June 22 2017, 01:28

Exploring the topic of NLP, I stumbled upon an interesting e-commerce search project – @[484147038414629:274:AddStructure] https://www.addstructure.com/ Queries in natural language, support for contextual search, transparent facets. Cool, well done guys. Looks like a breakthrough. But who are the clients?..

June 21 2017, 22:54

Today, I discovered OpenNLP—a Java toolkit for text processing based on machine learning methods. Spent the entire evening getting it to work with SOLR. Someone had started it, but it was feeble and did not work. I finally got it running properly. Now, when I search for a red IKEA table, I can show not just anything red from IKEA, but all tables, primarily red ones, secondly from IKEA, and then just tables. Without this tweak, one of these three options would lead, making it not so easy for the store owner to achieve any one strategy.

I’ll polish it up; an article is coming soon. Right now, I’m as pleased as punch.

June 19 2017, 10:35

If anything – I know the anonymous candidate X quite well, the guy is very sharp, and I highly recommend him to anyone building large e-commerce systems from scratch. Worked for many years in major e-commerce. Grab him (just in case: the photo is of Sergey, and the post is from him, and you should contact him, but remember, this isn’t about Sergey, who is also great, but about the anonymous candidate)

June 18 2017, 21:24

Published a comprehensive article about PDF generation on the server: libraries, approaches, methods, issues, and their solutions. A special case is when you need to generate a multi-page document like a contract. Created a prototype using document templates and merging.

This article has very little about hybris and the approach in general is quite universal, not dependent on the platform.

Also got a bit into the PDF format. My goodness, what it is… But they say that’s how it is at Adobe, and I haven’t even seen PSD yet.

https://hybrismart.com/2017/06/15/pdf-and-sap-hybris/

June 16 2017, 14:38

I did it! Creating a PDF on the server based on a template prepared in MS Word or MS Excel (probably in other software too – needs testing). Data from the database or a user form is inserted in place of tokens within the document. And yes, it turned out to be insanely difficult (but now I know a ton about PDFs).

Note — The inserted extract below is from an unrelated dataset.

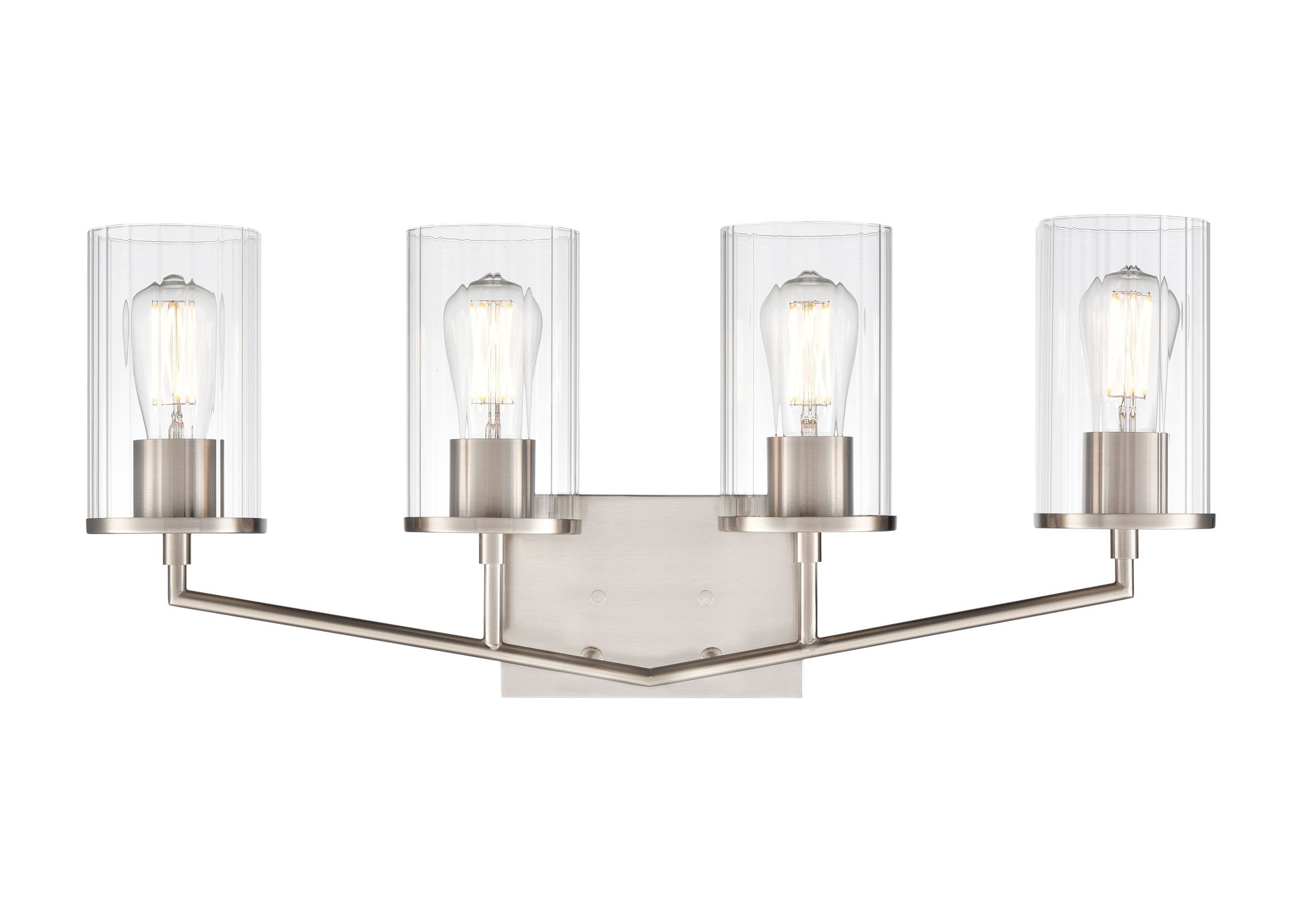 Image 5 Millennium Beverlly 4-Light 28" Brushed Nickel Vanity Light with Shade more views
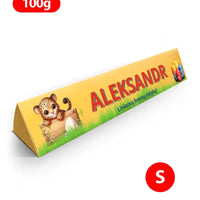 Personalizuotas "Toblerone S" šokoladas su jūsų vardu ir žinutė su velykų gyvūnais TeeInBlue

There are several complications for which there is no neat solution yet. 1) only two monospaced fonts 2) of course, the text from the template does not flow onto the next page if the insertion is larger than the reserved space 3) the template needs to include invisible text with all the variety of characters [to enhance the PDF dictionary for that particular font] 4) Theoretically, in some new or old version, or due to some clever block placement or specific settings, Word may generate PDFs that my code does not understand. Theoretically.